A Fundação Calouste Gulbenkian ocupa histórica e meritoriamente um papel estratégico na estruturação cultural da nossa sociedade. Foi através da sua acção que o acesso à literatura e aos hábitos de leitura se generalizaram, que o acesso à produção contemporânea se democratizou e que se tornou possível o surgimento de uma rede artística sustentada e profissionalizada numa altura em que o Estado não cumpria, nem se propunha cumprir, qualquer papel de relevo. É legítimo dizer que não é possível imaginar o que seria o país sem a Gulbenkian.

A decisão com que agora somo confrontados é uma escolha legítima de uma fundação privada. Mas as consequências desta escolha devem ser discutidas publicamente e sem tabus.

A hecatombe que a rede artística nacional sofreu nos últimos dez anos torna hoje este sector, estratégico segundo o programa do governo, e o principal erro da governação de Sócrates, nas sempre efusivas palavras do primeiro-ministro, incapaz de qualquer resposta sustentada à crise.

Não podemos promover o ensino artístico de jovens como meio de qualificação e integração social, abrindo horizontes de possibilidades e vontade de criar a quem não sabia que podia, para depois lhe negar qualquer hipótese de uma carreira profissional. E negar-lhe até o direito a ser público consumidor de cultura. Há algo de profundamente errado num país que aplaude orquestras de jovens violinos e trata os violinistas como párias.

Devemos pois perguntar claramente e publicamente se estruturas centrais para a vida cultural do país como a orquestra e o coro Gulbenkian serão mantidas com uma política de 20, 30, 50 anos, ou deveremos antes esperar uma reavaliação de 3 em 3 anos de toda a sua estrutura e consequente extinção.

Mas devemos sobretudo questionar o Governo sobre as suas responsabilidades e sobre o Orçamento que nos espera. Por toda a Europa o clamor do sector artístico face à crise que enfrentamos é a que o slogan britânico tão bem expressa: cortem-nos, não nos matem.

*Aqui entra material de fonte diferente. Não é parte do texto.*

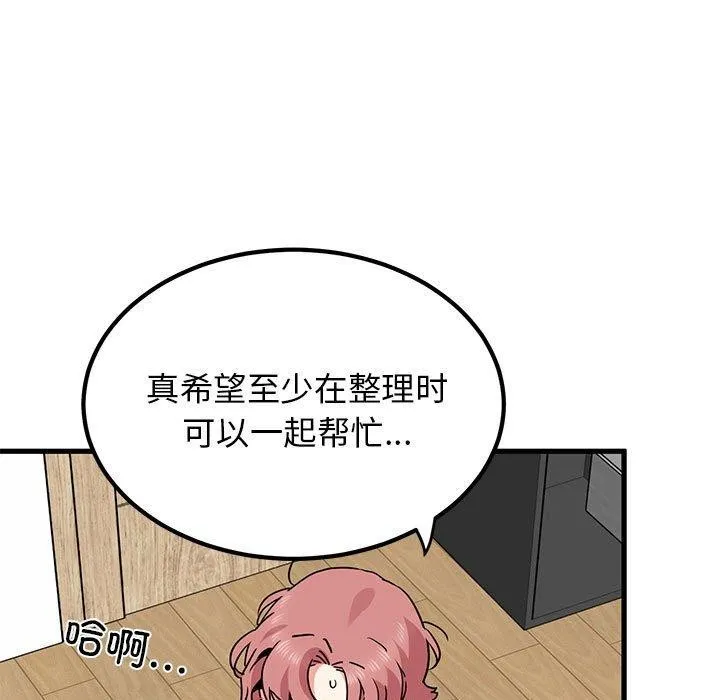 发小碰不得 - 第46話 - page 169
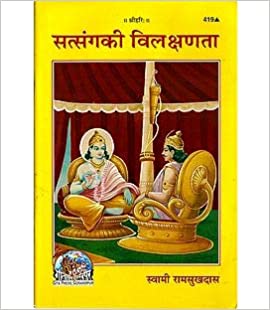 satsang kee vilakshanata ( सत्संग की विलक्षणता ) By Gita Press Gorkhpur CODE-419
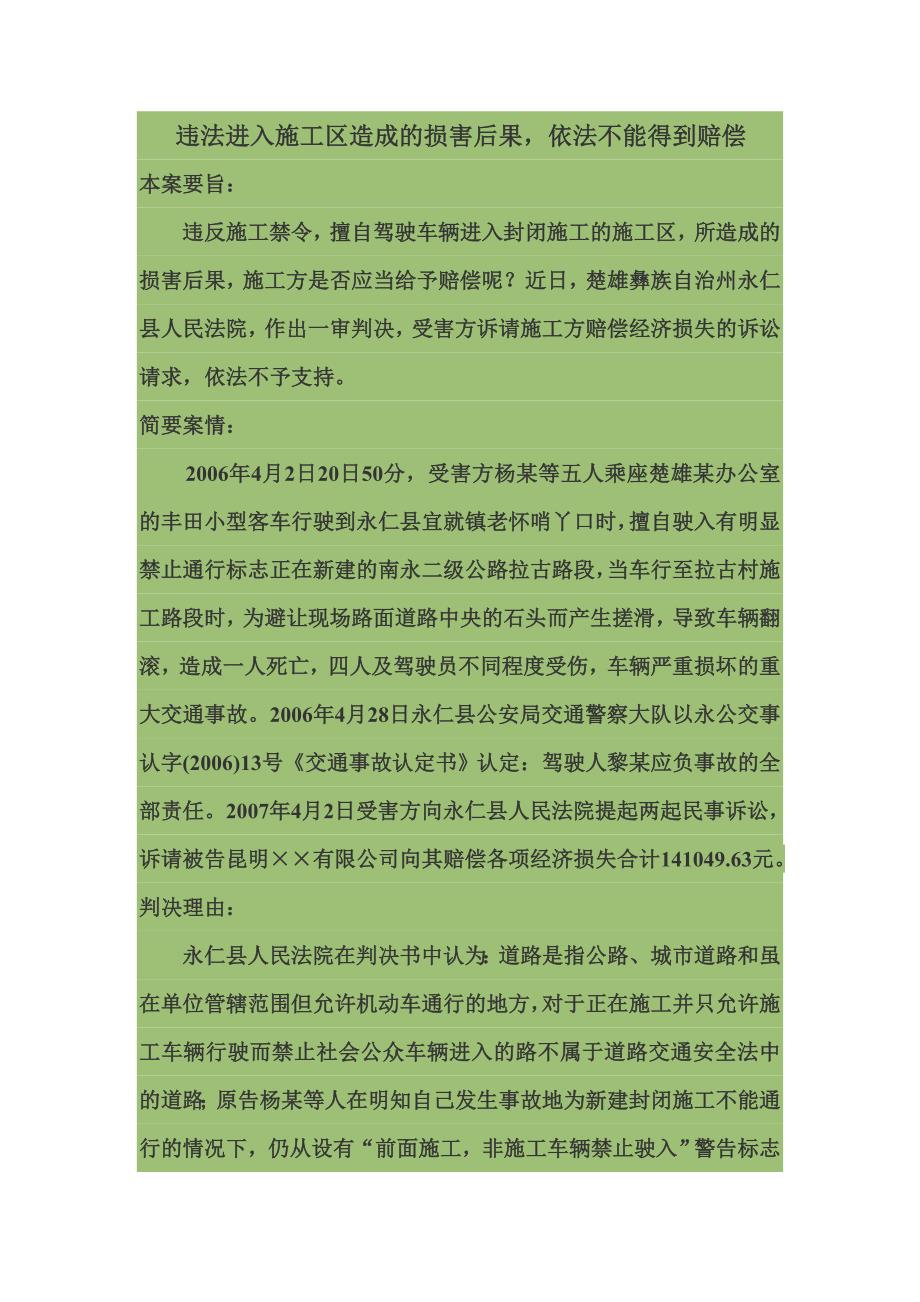 私自进入施工现场道路的司法结果.doc_第1页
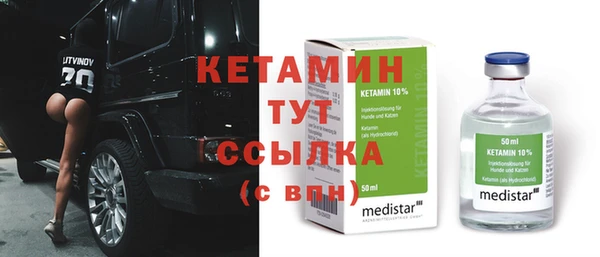 соль ск Белоозёрский
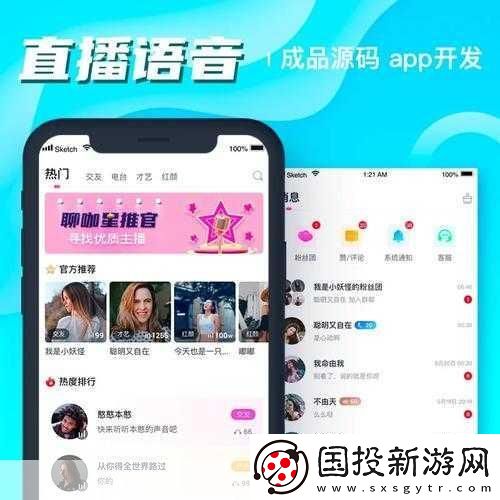 成品APP短視頻源碼下載站：免費獲取成品APP短視頻源碼-輕松打造個性應(yīng)用！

Mas em Portugal os cortes matam há já vários anos; o desinvestimento crónico mata o sector cultural e o país. Mas é bom lembrar que mais de 2,5% do PIB em Portugal vem da Cultura, um valor vinte vezes superior ao do orçamento do Ministério. Num sector sempre esquecido pelos sucessivos governos, a não ser nas inaugurações com hora marcada para televisão ver, os agentes culturais multiplicam por vinte cada euro investido pelo Estado. Quantos sectores da nossa economia poderão dizer o mesmo?

Na Europa a riqueza gerada pelo sector cultural é superior à gerada pela indústria automóvel. E todos os estudos o comprovam: é na vida cultural activa da população que está a chave para o desenvolvimento – a qualificação.

Exige-se do Governo e do Ministério da Cultura uma resposta que não ignore a importância fulcral do serviço que a Gulbenkian agora pretende extinguir, iniciando imediatamente um processo negocial com a Fundação de forma a garantir que não se estará a pregar mais um prego no caixão em que se tornou a política cultural em Portugal.

Exige-se do Governo que o Orçamento do Estado para 2011 não persista no erro de ignorar a importância estratégica do investimento público em Cultura.

Os desafios que o sector enfrenta obrigam a uma consciência solidária e responsável perante a crise. Que estejamos todos à altura das nossas responsabilidades.